EXERCISE INSTRUCTIONS:
From the listing below, copy only the lines running from the line that contains "بادکنک فویلی عصا کریسمس" to the line that contains "Kit 3 Peças", both included.

TASK DATA:
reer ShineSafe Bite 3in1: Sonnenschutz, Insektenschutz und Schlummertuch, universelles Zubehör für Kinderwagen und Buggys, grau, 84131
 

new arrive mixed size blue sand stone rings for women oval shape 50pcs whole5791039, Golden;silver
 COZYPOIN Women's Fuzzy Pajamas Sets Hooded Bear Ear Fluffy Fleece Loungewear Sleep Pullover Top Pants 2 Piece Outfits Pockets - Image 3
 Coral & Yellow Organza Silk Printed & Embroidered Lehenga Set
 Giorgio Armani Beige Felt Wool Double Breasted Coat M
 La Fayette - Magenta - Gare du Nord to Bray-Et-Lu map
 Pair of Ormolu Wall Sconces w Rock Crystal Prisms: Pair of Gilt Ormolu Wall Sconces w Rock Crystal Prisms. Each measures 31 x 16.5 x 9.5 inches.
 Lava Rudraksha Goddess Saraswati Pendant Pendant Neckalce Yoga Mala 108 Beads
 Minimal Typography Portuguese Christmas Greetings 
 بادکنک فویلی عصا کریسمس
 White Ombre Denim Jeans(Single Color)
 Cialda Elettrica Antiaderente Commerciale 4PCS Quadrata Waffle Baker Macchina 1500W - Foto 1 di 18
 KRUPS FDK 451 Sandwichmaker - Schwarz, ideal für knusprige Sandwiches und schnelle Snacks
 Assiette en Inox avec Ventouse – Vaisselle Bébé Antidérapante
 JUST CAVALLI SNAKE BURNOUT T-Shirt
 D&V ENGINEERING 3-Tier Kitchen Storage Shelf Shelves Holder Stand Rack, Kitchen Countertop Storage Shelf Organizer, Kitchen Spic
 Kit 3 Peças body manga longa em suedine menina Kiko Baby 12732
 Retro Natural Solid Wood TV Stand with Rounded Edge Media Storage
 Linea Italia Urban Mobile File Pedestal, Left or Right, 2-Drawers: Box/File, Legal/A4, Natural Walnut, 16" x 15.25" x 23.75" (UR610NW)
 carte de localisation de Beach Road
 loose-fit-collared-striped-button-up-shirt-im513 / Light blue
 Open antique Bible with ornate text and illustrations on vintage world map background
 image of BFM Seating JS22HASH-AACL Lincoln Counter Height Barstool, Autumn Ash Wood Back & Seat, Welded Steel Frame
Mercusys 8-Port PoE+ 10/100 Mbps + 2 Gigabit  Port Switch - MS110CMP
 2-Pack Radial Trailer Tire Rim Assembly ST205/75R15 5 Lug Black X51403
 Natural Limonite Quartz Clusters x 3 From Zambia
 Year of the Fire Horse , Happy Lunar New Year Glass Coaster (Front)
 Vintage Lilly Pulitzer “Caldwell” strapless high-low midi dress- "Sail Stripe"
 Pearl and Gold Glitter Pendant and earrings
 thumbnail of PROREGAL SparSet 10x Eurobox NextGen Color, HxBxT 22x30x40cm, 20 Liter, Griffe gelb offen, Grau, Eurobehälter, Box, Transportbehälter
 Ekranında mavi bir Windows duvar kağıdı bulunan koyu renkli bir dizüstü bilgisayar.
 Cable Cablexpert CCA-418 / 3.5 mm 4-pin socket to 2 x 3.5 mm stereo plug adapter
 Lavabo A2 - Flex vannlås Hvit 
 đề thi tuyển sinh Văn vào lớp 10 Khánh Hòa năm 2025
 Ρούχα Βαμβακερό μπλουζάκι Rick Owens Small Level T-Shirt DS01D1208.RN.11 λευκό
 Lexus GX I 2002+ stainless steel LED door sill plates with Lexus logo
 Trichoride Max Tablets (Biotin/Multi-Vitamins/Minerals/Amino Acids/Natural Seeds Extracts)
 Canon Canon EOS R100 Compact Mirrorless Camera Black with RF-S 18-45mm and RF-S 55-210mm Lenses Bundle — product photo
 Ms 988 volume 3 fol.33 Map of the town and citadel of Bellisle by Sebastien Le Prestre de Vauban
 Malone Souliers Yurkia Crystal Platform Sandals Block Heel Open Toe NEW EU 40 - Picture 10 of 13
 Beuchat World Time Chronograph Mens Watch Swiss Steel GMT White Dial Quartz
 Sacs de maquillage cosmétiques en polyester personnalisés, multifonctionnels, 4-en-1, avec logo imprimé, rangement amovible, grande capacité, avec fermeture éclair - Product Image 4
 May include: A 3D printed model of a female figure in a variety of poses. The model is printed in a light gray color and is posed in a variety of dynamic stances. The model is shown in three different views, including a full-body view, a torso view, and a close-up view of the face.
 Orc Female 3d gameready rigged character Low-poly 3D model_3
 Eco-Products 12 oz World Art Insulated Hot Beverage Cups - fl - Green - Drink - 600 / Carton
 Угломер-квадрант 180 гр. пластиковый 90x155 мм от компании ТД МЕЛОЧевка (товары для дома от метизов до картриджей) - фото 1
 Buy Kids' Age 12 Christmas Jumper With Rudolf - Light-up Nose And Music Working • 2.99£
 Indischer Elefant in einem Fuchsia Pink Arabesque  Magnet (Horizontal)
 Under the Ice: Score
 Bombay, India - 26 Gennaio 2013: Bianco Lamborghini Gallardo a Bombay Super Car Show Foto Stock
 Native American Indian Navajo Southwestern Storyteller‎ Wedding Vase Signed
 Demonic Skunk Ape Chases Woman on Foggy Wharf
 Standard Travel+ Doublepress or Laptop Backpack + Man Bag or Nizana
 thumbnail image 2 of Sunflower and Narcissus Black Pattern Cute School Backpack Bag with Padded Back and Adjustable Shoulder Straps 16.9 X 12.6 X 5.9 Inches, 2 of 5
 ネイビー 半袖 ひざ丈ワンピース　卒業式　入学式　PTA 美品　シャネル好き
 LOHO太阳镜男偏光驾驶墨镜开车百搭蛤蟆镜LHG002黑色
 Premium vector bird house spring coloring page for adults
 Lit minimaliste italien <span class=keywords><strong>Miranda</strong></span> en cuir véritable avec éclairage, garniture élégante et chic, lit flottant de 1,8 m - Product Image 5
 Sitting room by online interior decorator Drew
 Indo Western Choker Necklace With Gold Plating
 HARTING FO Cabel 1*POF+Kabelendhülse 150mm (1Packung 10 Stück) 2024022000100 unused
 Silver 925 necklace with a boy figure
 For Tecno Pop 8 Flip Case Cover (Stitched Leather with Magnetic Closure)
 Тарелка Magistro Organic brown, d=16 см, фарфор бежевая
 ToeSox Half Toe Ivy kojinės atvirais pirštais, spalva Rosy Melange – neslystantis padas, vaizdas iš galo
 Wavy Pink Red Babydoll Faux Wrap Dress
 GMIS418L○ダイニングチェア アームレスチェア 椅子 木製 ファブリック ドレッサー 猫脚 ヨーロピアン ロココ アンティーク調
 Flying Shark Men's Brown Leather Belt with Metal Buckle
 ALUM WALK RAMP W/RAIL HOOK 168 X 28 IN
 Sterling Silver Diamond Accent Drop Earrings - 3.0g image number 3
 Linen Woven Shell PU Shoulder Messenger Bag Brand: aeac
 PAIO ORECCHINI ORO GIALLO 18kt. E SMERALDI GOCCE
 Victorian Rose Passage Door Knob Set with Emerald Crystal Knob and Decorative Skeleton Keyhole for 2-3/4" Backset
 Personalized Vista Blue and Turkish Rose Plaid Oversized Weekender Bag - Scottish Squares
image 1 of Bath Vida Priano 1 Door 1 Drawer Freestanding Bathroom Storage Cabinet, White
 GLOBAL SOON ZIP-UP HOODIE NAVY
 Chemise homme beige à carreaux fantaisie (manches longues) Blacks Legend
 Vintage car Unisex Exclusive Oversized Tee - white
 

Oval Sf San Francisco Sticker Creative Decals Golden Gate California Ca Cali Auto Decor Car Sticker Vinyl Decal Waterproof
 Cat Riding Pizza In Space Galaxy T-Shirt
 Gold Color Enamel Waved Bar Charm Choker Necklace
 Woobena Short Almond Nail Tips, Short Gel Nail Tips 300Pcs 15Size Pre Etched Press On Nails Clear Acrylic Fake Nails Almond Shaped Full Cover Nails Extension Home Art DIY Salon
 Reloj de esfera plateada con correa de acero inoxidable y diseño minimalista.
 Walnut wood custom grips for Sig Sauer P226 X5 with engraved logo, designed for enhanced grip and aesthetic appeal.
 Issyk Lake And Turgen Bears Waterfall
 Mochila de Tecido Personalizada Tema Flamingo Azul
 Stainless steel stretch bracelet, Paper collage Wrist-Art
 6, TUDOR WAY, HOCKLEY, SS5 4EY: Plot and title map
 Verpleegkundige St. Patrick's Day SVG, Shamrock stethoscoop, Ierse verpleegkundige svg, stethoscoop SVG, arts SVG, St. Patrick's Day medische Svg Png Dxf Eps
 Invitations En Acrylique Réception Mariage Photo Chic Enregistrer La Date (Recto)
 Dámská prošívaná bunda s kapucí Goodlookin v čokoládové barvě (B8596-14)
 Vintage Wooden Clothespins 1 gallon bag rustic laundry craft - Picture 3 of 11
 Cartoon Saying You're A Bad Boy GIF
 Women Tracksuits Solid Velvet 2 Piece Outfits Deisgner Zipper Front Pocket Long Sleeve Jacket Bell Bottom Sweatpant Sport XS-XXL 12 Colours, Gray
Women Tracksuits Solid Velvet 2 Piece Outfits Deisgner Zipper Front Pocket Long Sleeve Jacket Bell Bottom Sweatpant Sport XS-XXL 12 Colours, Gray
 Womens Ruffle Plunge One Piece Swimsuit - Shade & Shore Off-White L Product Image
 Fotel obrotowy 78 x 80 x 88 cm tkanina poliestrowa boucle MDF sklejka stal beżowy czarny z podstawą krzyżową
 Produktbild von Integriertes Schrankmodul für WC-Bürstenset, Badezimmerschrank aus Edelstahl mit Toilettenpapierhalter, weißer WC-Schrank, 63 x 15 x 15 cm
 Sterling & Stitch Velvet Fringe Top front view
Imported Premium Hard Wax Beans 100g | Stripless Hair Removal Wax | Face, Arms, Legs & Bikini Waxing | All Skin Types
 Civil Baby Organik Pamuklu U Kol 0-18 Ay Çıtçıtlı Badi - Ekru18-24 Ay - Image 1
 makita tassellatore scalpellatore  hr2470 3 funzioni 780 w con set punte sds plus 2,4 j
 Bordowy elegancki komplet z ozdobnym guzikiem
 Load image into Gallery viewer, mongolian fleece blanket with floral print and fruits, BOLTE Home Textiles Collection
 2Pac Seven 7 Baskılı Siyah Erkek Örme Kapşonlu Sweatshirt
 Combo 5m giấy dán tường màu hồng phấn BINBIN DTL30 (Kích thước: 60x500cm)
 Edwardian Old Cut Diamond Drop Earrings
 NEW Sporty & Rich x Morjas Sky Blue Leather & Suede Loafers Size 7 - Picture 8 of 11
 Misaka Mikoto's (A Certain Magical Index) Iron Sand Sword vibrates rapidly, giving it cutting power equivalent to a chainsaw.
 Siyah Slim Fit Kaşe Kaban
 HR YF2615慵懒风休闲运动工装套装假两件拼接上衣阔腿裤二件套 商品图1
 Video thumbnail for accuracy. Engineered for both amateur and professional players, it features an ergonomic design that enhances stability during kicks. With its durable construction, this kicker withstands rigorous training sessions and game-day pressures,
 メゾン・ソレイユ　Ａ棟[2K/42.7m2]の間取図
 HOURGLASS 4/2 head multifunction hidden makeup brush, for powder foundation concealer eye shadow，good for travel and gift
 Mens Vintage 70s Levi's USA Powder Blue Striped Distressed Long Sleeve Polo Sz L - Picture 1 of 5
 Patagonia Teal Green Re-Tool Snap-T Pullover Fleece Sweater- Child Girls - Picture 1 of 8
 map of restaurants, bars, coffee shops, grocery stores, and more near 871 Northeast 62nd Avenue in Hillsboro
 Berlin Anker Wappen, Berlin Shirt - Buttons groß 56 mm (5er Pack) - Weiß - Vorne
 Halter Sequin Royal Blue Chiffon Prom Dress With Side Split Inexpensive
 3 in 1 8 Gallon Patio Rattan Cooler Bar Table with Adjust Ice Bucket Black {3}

WORKED SOLUTION:
 بادکنک فویلی عصا کریسمس
 White Ombre Denim Jeans(Single Color)
 Cialda Elettrica Antiaderente Commerciale 4PCS Quadrata Waffle Baker Macchina 1500W - Foto 1 di 18
 KRUPS FDK 451 Sandwichmaker - Schwarz, ideal für knusprige Sandwiches und schnelle Snacks
 Assiette en Inox avec Ventouse – Vaisselle Bébé Antidérapante
 JUST CAVALLI SNAKE BURNOUT T-Shirt
 D&V ENGINEERING 3-Tier Kitchen Storage Shelf Shelves Holder Stand Rack, Kitchen Countertop Storage Shelf Organizer, Kitchen Spic
 Kit 3 Peças body manga longa em suedine menina Kiko Baby 12732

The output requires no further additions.